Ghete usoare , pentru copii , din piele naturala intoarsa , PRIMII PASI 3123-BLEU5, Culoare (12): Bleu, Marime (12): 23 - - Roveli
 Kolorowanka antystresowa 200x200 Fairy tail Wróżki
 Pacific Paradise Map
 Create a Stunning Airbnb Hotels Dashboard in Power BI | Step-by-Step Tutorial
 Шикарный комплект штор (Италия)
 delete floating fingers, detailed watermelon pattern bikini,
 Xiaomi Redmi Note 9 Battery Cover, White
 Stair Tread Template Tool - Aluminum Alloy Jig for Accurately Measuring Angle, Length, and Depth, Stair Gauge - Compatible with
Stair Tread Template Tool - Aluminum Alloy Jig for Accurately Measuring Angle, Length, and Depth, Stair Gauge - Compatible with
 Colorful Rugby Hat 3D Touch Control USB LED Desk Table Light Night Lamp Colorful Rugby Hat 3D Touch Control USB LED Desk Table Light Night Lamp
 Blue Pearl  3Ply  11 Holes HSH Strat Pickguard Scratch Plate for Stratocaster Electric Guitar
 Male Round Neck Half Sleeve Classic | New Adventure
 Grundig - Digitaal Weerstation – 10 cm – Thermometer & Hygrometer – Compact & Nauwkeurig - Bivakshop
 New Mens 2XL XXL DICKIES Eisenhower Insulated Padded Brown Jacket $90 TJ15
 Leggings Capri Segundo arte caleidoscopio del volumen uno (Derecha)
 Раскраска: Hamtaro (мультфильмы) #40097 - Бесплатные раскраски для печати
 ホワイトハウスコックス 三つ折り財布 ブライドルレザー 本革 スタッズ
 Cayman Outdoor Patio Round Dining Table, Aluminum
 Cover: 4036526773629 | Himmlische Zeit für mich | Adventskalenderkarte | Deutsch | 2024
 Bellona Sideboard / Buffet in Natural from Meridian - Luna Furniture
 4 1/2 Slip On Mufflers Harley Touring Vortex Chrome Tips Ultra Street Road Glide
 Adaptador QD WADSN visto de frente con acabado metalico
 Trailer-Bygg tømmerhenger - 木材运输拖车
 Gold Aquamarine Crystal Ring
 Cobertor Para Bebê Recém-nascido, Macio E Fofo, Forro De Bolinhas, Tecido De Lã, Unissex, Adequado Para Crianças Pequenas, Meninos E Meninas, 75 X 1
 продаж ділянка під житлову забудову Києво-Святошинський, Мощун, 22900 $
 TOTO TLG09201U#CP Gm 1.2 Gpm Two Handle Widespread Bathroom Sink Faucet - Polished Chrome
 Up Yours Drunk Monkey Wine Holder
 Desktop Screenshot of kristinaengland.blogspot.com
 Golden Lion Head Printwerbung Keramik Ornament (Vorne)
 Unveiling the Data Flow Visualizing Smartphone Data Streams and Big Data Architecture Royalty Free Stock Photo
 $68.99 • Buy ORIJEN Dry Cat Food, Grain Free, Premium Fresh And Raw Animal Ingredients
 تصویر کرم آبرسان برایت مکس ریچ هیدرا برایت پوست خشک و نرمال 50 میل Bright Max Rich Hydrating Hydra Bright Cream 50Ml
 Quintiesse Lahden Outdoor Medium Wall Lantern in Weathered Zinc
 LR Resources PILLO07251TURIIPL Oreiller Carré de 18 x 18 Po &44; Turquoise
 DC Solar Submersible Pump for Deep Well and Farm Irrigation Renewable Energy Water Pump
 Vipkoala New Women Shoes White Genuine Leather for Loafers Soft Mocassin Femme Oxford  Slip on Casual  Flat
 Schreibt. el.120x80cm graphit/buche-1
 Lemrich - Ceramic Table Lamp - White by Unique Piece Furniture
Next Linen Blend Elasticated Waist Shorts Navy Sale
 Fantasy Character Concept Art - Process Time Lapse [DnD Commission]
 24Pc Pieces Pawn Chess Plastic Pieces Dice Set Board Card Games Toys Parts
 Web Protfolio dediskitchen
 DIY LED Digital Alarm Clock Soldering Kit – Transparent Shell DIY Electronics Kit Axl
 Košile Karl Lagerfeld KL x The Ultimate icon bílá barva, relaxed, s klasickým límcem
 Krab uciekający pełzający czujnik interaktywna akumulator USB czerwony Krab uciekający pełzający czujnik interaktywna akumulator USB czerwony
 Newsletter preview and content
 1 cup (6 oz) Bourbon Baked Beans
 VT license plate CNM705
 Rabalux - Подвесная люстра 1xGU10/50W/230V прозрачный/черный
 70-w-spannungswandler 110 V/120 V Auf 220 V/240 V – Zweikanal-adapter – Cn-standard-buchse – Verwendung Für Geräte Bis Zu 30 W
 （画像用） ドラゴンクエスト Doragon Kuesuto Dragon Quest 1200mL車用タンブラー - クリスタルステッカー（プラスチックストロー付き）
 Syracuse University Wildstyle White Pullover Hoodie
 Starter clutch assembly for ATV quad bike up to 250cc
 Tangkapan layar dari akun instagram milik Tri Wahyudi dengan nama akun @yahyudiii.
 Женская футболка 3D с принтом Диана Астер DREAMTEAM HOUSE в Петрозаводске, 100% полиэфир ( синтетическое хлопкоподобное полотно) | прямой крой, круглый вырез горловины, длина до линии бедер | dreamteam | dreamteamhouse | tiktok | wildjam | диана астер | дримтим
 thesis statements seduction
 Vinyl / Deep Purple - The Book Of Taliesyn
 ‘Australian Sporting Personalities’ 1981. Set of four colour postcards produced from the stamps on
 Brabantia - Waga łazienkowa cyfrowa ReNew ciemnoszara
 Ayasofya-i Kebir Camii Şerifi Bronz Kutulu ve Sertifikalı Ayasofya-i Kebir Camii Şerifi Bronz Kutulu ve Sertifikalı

------

= Description of the task =
Reproduce every line of the material above exactly.

= Result of this task =
Ghete usoare , pentru copii , din piele naturala intoarsa , PRIMII PASI 3123-BLEU5, Culoare (12): Bleu, Marime (12): 23 - - Roveli
 Kolorowanka antystresowa 200x200 Fairy tail Wróżki
 Pacific Paradise Map
 Create a Stunning Airbnb Hotels Dashboard in Power BI | Step-by-Step Tutorial
 Шикарный комплект штор (Италия)
 delete floating fingers, detailed watermelon pattern bikini,
 Xiaomi Redmi Note 9 Battery Cover, White
 Stair Tread Template Tool - Aluminum Alloy Jig for Accurately Measuring Angle, Length, and Depth, Stair Gauge - Compatible with
Stair Tread Template Tool - Aluminum Alloy Jig for Accurately Measuring Angle, Length, and Depth, Stair Gauge - Compatible with
 Colorful Rugby Hat 3D Touch Control USB LED Desk Table Light Night Lamp Colorful Rugby Hat 3D Touch Control USB LED Desk Table Light Night Lamp
 Blue Pearl  3Ply  11 Holes HSH Strat Pickguard Scratch Plate for Stratocaster Electric Guitar
 Male Round Neck Half Sleeve Classic | New Adventure
 Grundig - Digitaal Weerstation – 10 cm – Thermometer & Hygrometer – Compact & Nauwkeurig - Bivakshop
 New Mens 2XL XXL DICKIES Eisenhower Insulated Padded Brown Jacket $90 TJ15
 Leggings Capri Segundo arte caleidoscopio del volumen uno (Derecha)
 Раскраска: Hamtaro (мультфильмы) #40097 - Бесплатные раскраски для печати
 ホワイトハウスコックス 三つ折り財布 ブライドルレザー 本革 スタッズ
 Cayman Outdoor Patio Round Dining Table, Aluminum
 Cover: 4036526773629 | Himmlische Zeit für mich | Adventskalenderkarte | Deutsch | 2024
 Bellona Sideboard / Buffet in Natural from Meridian - Luna Furniture
 4 1/2 Slip On Mufflers Harley Touring Vortex Chrome Tips Ultra Street Road Glide
 Adaptador QD WADSN visto de frente con acabado metalico
 Trailer-Bygg tømmerhenger - 木材运输拖车
 Gold Aquamarine Crystal Ring
 Cobertor Para Bebê Recém-nascido, Macio E Fofo, Forro De Bolinhas, Tecido De Lã, Unissex, Adequado Para Crianças Pequenas, Meninos E Meninas, 75 X 1
 продаж ділянка під житлову забудову Києво-Святошинський, Мощун, 22900 $
 TOTO TLG09201U#CP Gm 1.2 Gpm Two Handle Widespread Bathroom Sink Faucet - Polished Chrome
 Up Yours Drunk Monkey Wine Holder
 Desktop Screenshot of kristinaengland.blogspot.com
 Golden Lion Head Printwerbung Keramik Ornament (Vorne)
 Unveiling the Data Flow Visualizing Smartphone Data Streams and Big Data Architecture Royalty Free Stock Photo
 $68.99 • Buy ORIJEN Dry Cat Food, Grain Free, Premium Fresh And Raw Animal Ingredients
 تصویر کرم آبرسان برایت مکس ریچ هیدرا برایت پوست خشک و نرمال 50 میل Bright Max Rich Hydrating Hydra Bright Cream 50Ml
 Quintiesse Lahden Outdoor Medium Wall Lantern in Weathered Zinc
 LR Resources PILLO07251TURIIPL Oreiller Carré de 18 x 18 Po &44; Turquoise
 DC Solar Submersible Pump for Deep Well and Farm Irrigation Renewable Energy Water Pump
 Vipkoala New Women Shoes White Genuine Leather for Loafers Soft Mocassin Femme Oxford  Slip on Casual  Flat
 Schreibt. el.120x80cm graphit/buche-1
 Lemrich - Ceramic Table Lamp - White by Unique Piece Furniture
Next Linen Blend Elasticated Waist Shorts Navy Sale
 Fantasy Character Concept Art - Process Time Lapse [DnD Commission]
 24Pc Pieces Pawn Chess Plastic Pieces Dice Set Board Card Games Toys Parts
 Web Protfolio dediskitchen
 DIY LED Digital Alarm Clock Soldering Kit – Transparent Shell DIY Electronics Kit Axl
 Košile Karl Lagerfeld KL x The Ultimate icon bílá barva, relaxed, s klasickým límcem
 Krab uciekający pełzający czujnik interaktywna akumulator USB czerwony Krab uciekający pełzający czujnik interaktywna akumulator USB czerwony
 Newsletter preview and content
 1 cup (6 oz) Bourbon Baked Beans
 VT license plate CNM705
 Rabalux - Подвесная люстра 1xGU10/50W/230V прозрачный/черный
 70-w-spannungswandler 110 V/120 V Auf 220 V/240 V – Zweikanal-adapter – Cn-standard-buchse – Verwendung Für Geräte Bis Zu 30 W
 （画像用） ドラゴンクエスト Doragon Kuesuto Dragon Quest 1200mL車用タンブラー - クリスタルステッカー（プラスチックストロー付き）
 Syracuse University Wildstyle White Pullover Hoodie
 Starter clutch assembly for ATV quad bike up to 250cc
 Tangkapan layar dari akun instagram milik Tri Wahyudi dengan nama akun @yahyudiii.
 Женская футболка 3D с принтом Диана Астер DREAMTEAM HOUSE в Петрозаводске, 100% полиэфир ( синтетическое хлопкоподобное полотно) | прямой крой, круглый вырез горловины, длина до линии бедер | dreamteam | dreamteamhouse | tiktok | wildjam | диана астер | дримтим
 thesis statements seduction
 Vinyl / Deep Purple - The Book Of Taliesyn
 ‘Australian Sporting Personalities’ 1981. Set of four colour postcards produced from the stamps on
 Brabantia - Waga łazienkowa cyfrowa ReNew ciemnoszara
 Ayasofya-i Kebir Camii Şerifi Bronz Kutulu ve Sertifikalı Ayasofya-i Kebir Camii Şerifi Bronz Kutulu ve Sertifikalı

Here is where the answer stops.